Chapter 12 The Final Countdown

Congratulations! We hope you’ve enjoyed learning about CUDA C and experimenting some with GPU computing. It’s been a long trip, so let’s take a moment to review where we started and how much ground we’ve covered. Starting with a background in C or C++ programming, we’ve learned how to use the CUDA runtime’s angle bracket syntax to easily launch multiple copies of kernels across any number of multiprocessors. We expanded these concepts to use collections of threads and blocks, operating on arbitrarily large inputs. These more complex launches exploited interthread communication using the GPU’s special, on-chip shared memory, and they employed dedicated synchronization primitives to ensure correct operation in an environment that supports (and encourages) thousands upon thousands of parallel threads.

Armed with basic concepts about parallel programming using CUDA C on NVIDIA’s CUDA Architecture, we explored some of the more advanced concepts and APIs that NVIDIA provides. The GPU’s dedicated graphics hardware proves useful for GPU computing, so we learned how to exploit texture memory to accelerate some common patterns of memory access. Because many users add GPU computing to their interactive graphics applications, we explored the interoperation of CUDA C kernels with industry-standard graphics APIs such as OpenGL and DirectX. Atomic operations on both global and shared memory allowed safe, multithreaded access to common memory locations. Moving steadily into more and more advanced topics, streams enabled us to keep our entire system as busy as possible, allowing kernels to execute simultaneously with memory copies between the host and GPU. Finally, we looked at the ways in which we could allocate and use zero-copy memory to accelerate applications on integrated GPUs.
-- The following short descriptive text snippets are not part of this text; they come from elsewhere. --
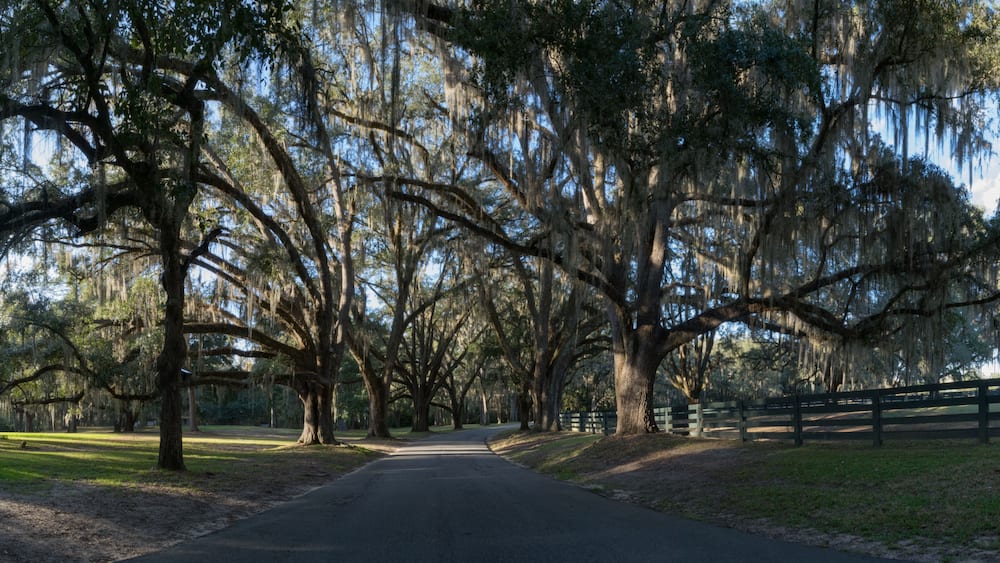 Georgia Plantation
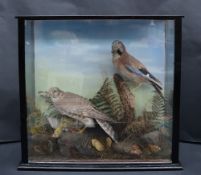 Taxidermy - A falcon feasting on a yellow hammer and a jay on a perch in a glazed case with ferns
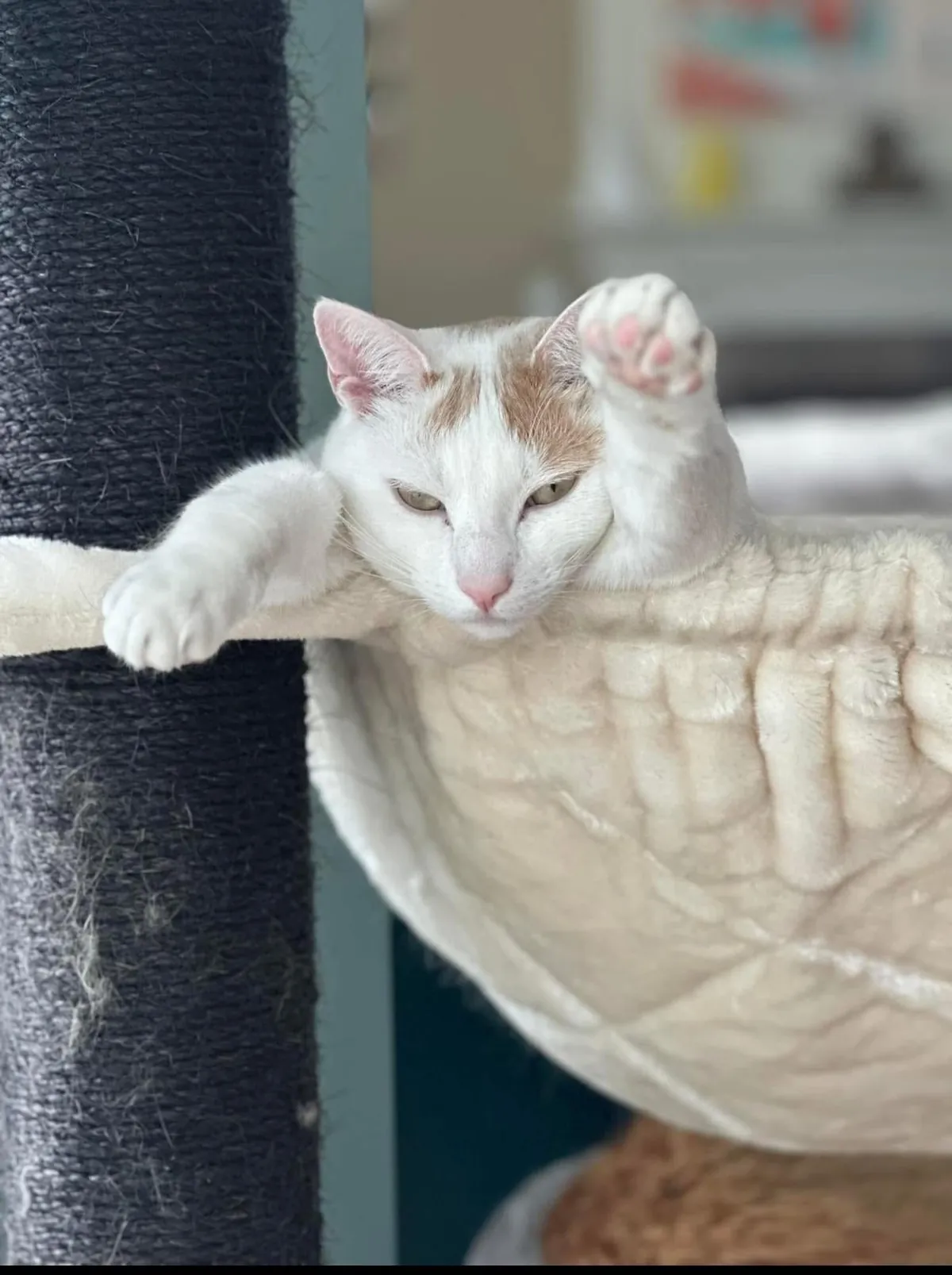 my cat sits like this for hours…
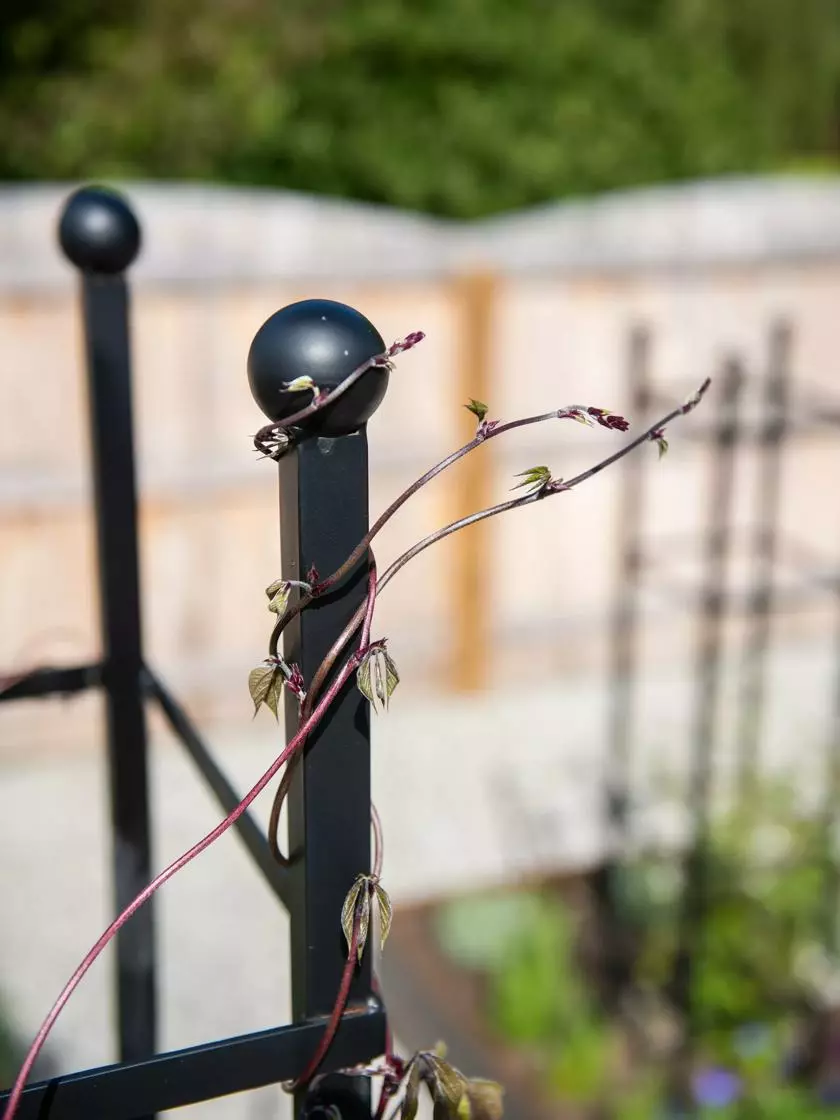 GSC Essex Square Obelisk 7 GSC Essex Square Obelisk - Image 5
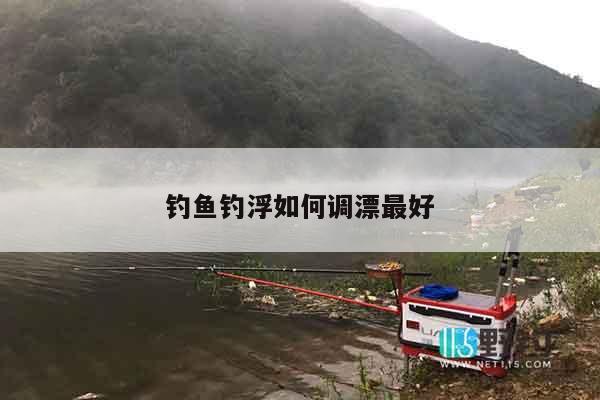 钓鱼钓浮如何调漂最好
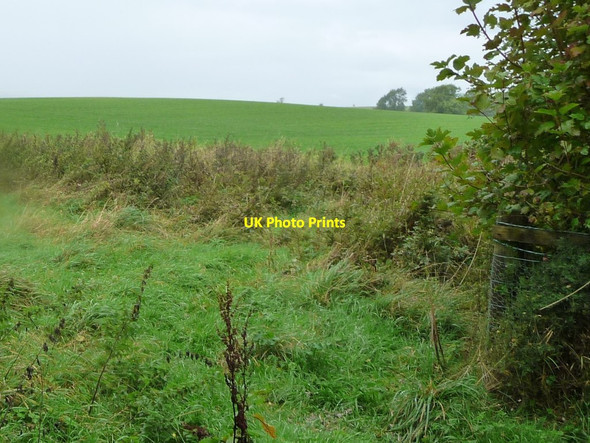 Photo 6"x4" Farmland west of Bandley Bridge Appleby-in-Westmorland c2016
Moreover, we learned to initialize multiple devices and allocate portable pinned memory in order to write CUDA C that fully utilizes increasingly common, multi-GPU environments.

12.1 Chapter Objectives

Through the course of this chapter, you will accomplish the following:

• You will learn about some of the tools available to aid your CUDA C development.
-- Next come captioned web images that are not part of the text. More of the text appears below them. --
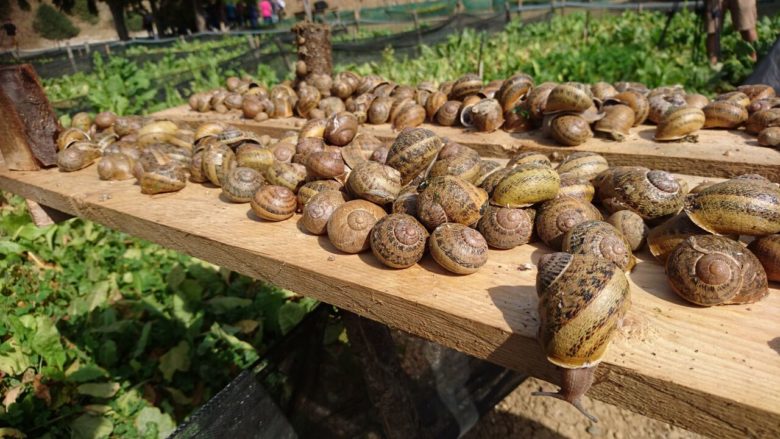 Snail Farming in Nigeria: How to Start and Profit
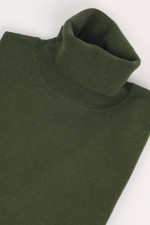 Rollkragenpullover aus Cashmere in Dunkelgrün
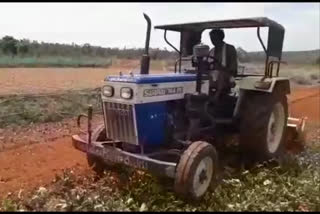 Corona Effect: A farmer who destroyed a 3 acre beetroot crop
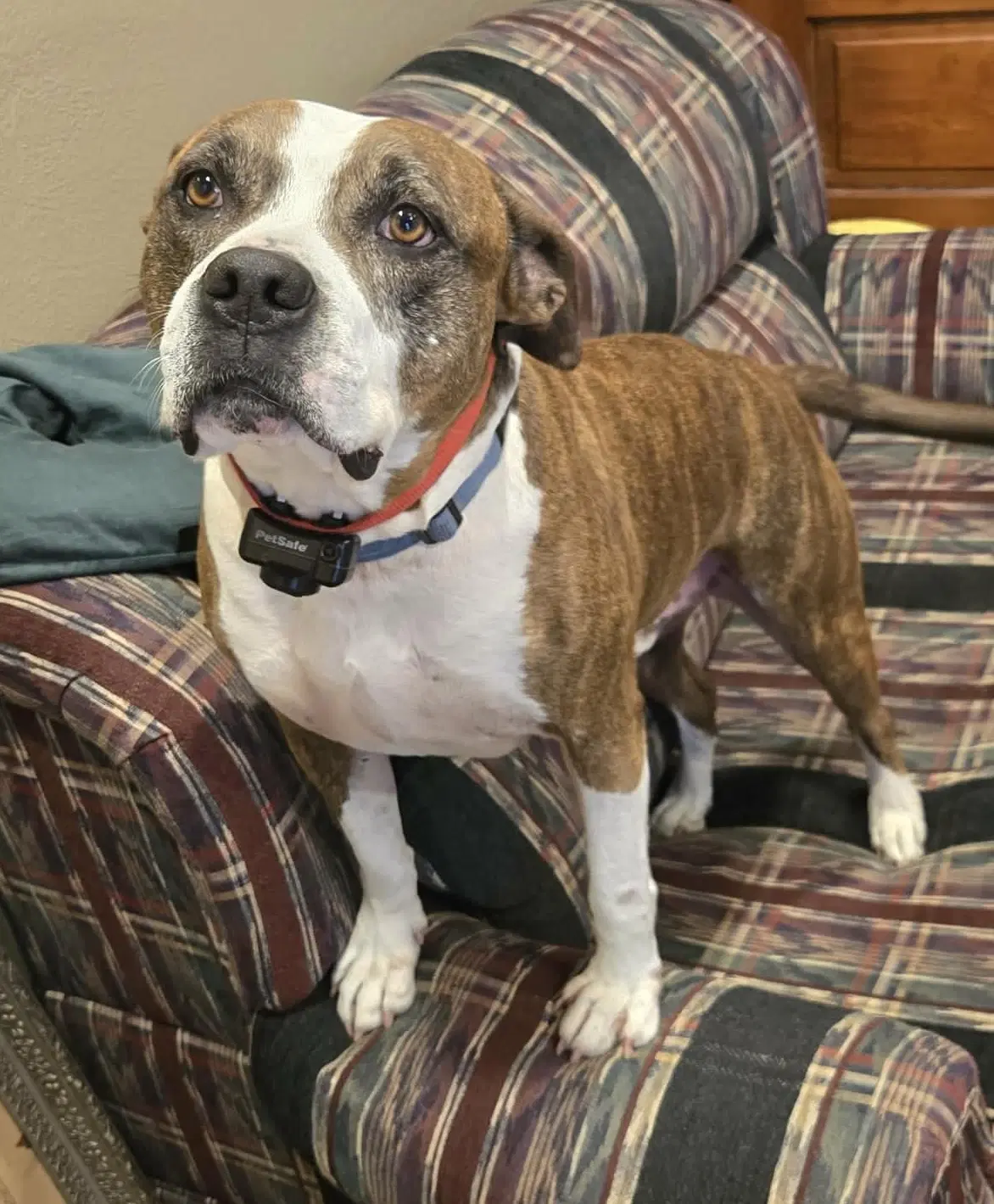 Mugsy - American Pit Bull Terrier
• You will learn about additional written and code resources to take your CUDA C development to the next level.

12.2 CUDA Tools

Through the course of this book, we have relied upon several components of the CUDA C software system. The applications we wrote made heavy use of the CUDA C compiler in order to convert our CUDA C kernels into code that could be executed on NVIDIA GPUs. We also used the CUDA runtime in order to perform much of the setup and dirty work behind launching kernels and communicating with the GPU. The CUDA runtime, in turn, uses the CUDA driver to talk directly to the hardware in your system. In addition to these components that we have already used at length, NVIDIA makes available a host of other software in order to ease the development of CUDA C applications. This section does not serve well as a user’s manual to these products, but rather, it aims solely to inform you of the existence and utility of these packages.

12.2.1 CUDA Toolkit

You almost certainly already have the CUDA Toolkit collection of software on your development machine. We can be so sure of this because the set of CUDA C compiler tools comprises one of the principal components of this package. If you don’t have the CUDA Toolkit on your machine, then it’s a veritable certainty that you haven’t tried to write or compile any CUDA C code. We’re on to you now, sucker! Actually, this is no big deal (but it does make us wonder why you’ve read this entire book). On the other hand, if you have been working through the examples in this book, then you should possess the libraries we’re about to discuss.

12.2.2 CUFFT

The CUDA Toolkit comes with two very important utility libraries if you plan to pursue GPU computing in your own applications. First, NVIDIA provides a tuned Fast Fourier Transform library known as CUFFT. As of release 3.0, the CUFFT library supports a number of useful features, including the following:

• One-, two-, and three-dimensional transforms of both real-valued and complex-valued input data

• Batch execution for performing multiple one-dimensional transforms in parallel

• 2D and 3D transforms with sizes ranging from 2 to 16,384 in any dimension

• 1D transforms of inputs up to 8 million elements in size

• In-place and out-of-place transforms for both real-valued and complex-valued data

NVIDIA provides the CUFFT library free of charge with an accompanying license that allows for use in any application, regardless of whether it’s for personal, academic, or professional development.

12.2.3 CUBLAS

In addition to a Fast Fourier Transform library, NVIDIA also provides a library of linear algebra routines that implements the well-known package of Basic Linear Algebra Subprograms (BLAS). This library, named CUBLAS, is also freely available and supports a large subset of the full BLAS package. This includes versions of each routine that accept both single- and double-precision inputs as well as real- and complex-valued data. Because BLAS was originally a FORTRAN-implemented library of linear algebra routines, NVIDIA attempts to maximize compatibility with the requirements and expectations of these implementations. Specifically, the CUBLAS library uses a column-major storage layout for arrays, rather than the row-major layout natively used by C and C++. In practice, this is not typically a concern, but it does allow for current users of BLAS to adapt their applications to exploit the GPU-accelerated CUBLAS with minimal effort. NVIDIA also distributes FORTRAN bindings to CUBLAS in order to demonstrate how to link existing FORTRAN applications to CUDA libraries.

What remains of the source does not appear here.